Biosciences professor Tim Jacob, who studies smell and taste at Cardiff University in Wales, mixes up an answer

Why do two things I like to eat sometimes taste so bad when eaten together?
—R. Lange, Houston

Biosciences professor Tim Jacob, who studies smell and taste at Cardiff University in Wales, mixes up an answer:

Among the five tastes, salty, sweet and umami (meaty or savory) are appetitive, driving us toward essential nutrients, whereas bitter and sour are aversive, alerting us to potentially harmful substances. Mixing the aversive with the appetitive sends conflicting information to the brain, and confusion is what the senses are trying to avoid as they supply you with useful, lifesaving information. This mixed signal is why you reject food that has gone off. You do not want to eat a blend of the good and the bad.

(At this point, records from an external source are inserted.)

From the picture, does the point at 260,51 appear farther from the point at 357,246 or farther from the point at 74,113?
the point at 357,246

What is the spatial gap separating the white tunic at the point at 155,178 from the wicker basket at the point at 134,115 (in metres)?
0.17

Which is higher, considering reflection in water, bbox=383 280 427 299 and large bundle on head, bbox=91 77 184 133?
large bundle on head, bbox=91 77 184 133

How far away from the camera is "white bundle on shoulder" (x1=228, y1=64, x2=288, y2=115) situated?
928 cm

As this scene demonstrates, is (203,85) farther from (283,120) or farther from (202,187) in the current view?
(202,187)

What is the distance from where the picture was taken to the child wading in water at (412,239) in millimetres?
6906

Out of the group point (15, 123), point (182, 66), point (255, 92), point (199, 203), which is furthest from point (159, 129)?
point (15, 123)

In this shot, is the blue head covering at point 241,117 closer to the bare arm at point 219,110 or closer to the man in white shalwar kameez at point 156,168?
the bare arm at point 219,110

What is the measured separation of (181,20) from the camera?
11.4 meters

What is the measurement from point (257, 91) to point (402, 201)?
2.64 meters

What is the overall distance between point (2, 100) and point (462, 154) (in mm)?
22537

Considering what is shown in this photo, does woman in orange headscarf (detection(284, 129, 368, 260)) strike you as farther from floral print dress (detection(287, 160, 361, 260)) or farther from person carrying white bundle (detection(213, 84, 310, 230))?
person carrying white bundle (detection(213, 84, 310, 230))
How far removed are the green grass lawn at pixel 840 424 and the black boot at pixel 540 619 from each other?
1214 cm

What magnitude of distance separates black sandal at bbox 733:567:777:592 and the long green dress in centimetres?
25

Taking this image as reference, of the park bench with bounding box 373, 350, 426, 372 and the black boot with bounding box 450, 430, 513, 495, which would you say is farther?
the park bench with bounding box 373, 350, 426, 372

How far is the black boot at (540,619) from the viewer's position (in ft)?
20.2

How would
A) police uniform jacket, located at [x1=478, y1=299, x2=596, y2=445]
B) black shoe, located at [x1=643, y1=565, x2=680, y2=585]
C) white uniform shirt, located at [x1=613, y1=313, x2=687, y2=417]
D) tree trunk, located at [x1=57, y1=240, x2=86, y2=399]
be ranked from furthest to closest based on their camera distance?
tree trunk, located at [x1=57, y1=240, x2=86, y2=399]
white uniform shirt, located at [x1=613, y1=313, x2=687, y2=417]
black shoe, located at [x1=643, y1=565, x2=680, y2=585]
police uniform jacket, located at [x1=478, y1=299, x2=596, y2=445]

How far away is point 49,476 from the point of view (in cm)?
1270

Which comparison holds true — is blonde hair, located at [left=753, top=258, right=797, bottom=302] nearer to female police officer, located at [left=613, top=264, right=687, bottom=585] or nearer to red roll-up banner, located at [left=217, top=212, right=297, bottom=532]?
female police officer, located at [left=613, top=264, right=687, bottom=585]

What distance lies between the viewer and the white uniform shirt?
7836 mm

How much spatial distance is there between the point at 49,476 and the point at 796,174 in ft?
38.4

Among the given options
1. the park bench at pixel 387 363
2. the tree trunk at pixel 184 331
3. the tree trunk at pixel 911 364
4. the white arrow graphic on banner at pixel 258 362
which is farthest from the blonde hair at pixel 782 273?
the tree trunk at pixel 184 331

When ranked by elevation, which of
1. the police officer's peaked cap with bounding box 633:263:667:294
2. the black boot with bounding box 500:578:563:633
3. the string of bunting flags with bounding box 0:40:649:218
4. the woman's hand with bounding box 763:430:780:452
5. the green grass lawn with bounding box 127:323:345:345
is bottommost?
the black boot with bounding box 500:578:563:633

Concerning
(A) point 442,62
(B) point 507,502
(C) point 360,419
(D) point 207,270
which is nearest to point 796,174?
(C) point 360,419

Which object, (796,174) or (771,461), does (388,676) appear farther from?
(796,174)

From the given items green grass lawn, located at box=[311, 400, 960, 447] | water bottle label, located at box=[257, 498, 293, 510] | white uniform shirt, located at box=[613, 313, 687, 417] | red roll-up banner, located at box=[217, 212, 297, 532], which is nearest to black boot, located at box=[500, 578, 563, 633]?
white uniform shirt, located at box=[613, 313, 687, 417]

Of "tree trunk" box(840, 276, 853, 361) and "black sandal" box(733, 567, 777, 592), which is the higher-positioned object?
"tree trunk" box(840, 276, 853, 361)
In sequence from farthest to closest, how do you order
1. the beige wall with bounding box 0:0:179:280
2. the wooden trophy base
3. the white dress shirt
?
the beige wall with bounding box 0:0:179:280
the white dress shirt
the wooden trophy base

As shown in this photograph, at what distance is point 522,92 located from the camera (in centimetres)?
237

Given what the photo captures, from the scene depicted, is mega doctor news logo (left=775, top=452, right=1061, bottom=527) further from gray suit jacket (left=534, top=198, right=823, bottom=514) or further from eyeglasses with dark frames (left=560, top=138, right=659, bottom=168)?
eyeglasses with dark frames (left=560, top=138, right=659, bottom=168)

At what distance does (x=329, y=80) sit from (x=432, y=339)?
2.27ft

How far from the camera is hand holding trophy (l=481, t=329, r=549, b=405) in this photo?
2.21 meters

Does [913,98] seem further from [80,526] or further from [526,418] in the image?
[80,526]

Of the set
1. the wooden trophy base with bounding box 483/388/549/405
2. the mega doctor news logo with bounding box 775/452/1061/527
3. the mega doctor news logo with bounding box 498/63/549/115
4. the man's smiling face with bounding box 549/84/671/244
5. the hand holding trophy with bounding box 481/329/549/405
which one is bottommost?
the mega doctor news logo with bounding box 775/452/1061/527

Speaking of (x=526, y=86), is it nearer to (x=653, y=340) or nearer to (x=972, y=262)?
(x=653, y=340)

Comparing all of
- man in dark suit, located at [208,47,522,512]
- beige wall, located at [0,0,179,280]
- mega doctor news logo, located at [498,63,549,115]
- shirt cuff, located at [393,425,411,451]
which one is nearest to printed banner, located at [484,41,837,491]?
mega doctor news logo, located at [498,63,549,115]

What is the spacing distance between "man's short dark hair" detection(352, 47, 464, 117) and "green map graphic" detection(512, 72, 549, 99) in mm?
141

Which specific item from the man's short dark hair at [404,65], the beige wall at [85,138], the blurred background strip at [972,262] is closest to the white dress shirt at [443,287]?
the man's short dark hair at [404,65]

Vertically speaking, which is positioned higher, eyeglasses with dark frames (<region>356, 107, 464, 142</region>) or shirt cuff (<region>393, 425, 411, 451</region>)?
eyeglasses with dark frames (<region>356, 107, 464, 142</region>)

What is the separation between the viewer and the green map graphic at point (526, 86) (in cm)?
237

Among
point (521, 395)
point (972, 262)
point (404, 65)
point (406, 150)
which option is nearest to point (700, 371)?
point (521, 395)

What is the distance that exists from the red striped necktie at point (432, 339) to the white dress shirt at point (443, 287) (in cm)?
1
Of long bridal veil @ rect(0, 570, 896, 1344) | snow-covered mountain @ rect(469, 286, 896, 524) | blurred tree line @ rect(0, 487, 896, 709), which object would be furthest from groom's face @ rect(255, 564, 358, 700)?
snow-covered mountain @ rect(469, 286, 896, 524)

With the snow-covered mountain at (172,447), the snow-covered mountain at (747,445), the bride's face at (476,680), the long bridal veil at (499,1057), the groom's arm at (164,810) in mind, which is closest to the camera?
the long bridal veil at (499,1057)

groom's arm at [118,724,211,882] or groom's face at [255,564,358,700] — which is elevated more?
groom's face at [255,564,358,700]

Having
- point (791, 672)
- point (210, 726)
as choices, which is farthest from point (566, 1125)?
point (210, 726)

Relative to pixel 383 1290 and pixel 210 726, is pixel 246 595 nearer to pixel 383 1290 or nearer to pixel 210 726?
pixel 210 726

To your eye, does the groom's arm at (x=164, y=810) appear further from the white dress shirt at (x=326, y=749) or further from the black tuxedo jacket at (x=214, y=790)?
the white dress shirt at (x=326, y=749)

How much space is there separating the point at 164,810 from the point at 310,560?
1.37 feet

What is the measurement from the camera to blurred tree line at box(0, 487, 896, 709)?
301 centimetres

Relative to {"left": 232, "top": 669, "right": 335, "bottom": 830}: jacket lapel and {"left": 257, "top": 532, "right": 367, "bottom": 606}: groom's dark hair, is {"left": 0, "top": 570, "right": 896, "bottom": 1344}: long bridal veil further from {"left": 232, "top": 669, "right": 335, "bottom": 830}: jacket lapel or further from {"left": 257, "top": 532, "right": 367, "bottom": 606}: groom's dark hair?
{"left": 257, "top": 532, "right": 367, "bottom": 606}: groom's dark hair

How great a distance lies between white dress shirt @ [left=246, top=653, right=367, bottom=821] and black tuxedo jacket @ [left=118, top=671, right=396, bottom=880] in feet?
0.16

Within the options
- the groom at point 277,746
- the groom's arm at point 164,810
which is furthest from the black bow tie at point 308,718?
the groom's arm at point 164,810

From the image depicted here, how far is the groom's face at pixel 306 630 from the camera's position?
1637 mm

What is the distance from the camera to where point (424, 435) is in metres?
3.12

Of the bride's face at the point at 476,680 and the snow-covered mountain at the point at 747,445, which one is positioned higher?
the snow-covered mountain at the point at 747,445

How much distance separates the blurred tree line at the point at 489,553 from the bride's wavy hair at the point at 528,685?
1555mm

Yet consider the phrase “sugaring the pill”: pills are medicine and as such are poisonous in large quantities. They thus taste bitter but can be made more palatable by a camouflaging sugar coating. Similarly, coffee can be improved for people who are sensitive to bitterness by masking its sharpness with cream or sugar.

As adults, we can override these warnings and acquire tastes for coffee, olives or strong cheese. But you will confound your senses if you mix a formerly aversive taste with an appetitive one. (Care for some pickles and cocoa?) There can be delight in the confusion, however: sweet and sour is a popular choice in Chinese cuisine.